§ **Material supplied**:
+---+

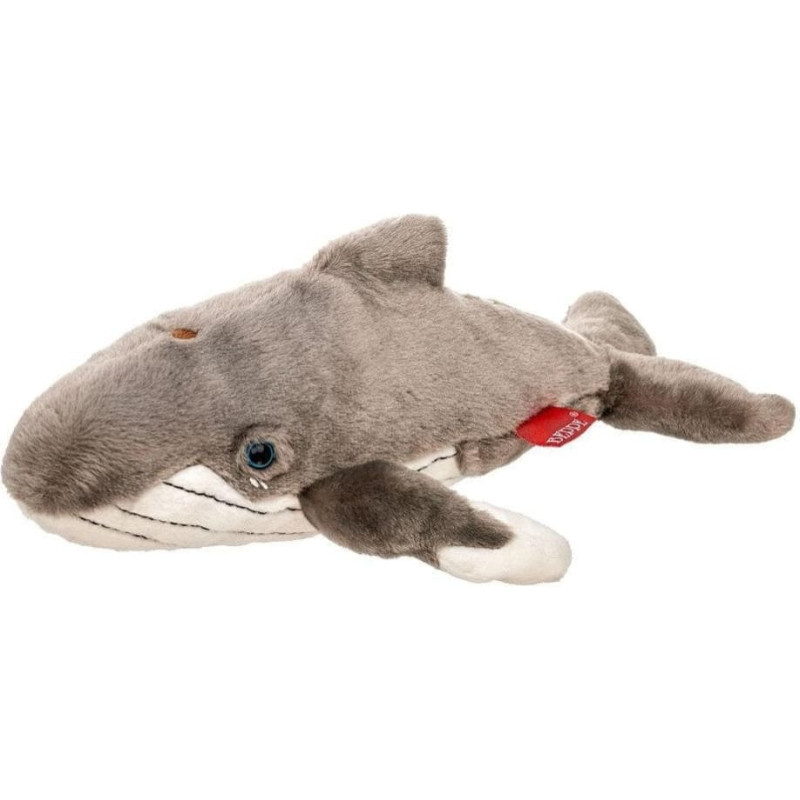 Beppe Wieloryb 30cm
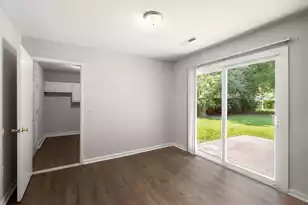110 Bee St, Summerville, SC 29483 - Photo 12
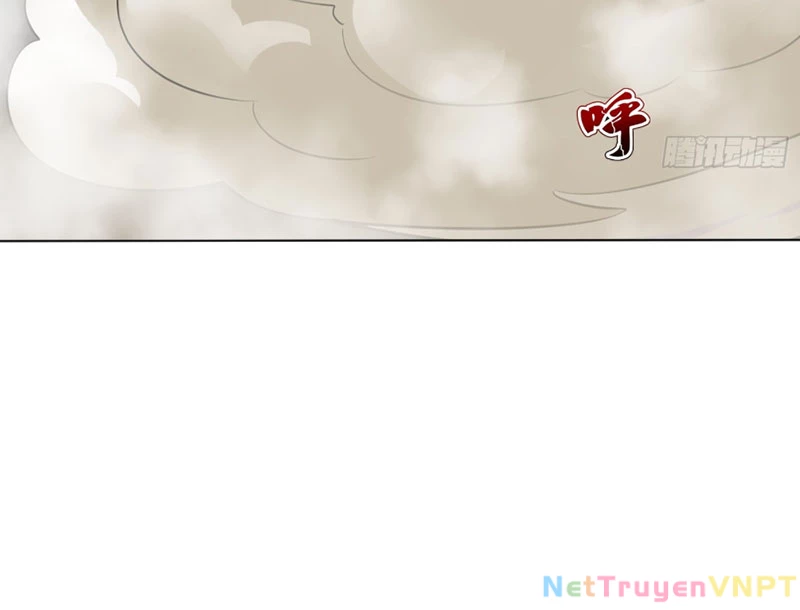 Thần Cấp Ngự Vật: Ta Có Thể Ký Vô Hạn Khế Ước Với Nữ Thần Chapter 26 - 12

+---+

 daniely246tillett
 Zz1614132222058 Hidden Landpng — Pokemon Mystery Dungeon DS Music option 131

+---+

§ **What is required**:
Once the line with "Beppe Wieloryb 30cm" is found above, print it and every line after it through the line with "Thần Cấp Ngự", exactly. Pictures stay out.

§ **Answer box**:
 Beppe Wieloryb 30cm
110 Bee St, Summerville, SC 29483 - Photo 12
 Thần Cấp Ngự Vật: Ta Có Thể Ký Vô Hạn Khế Ước Với Nữ Thần Chapter 26 - 12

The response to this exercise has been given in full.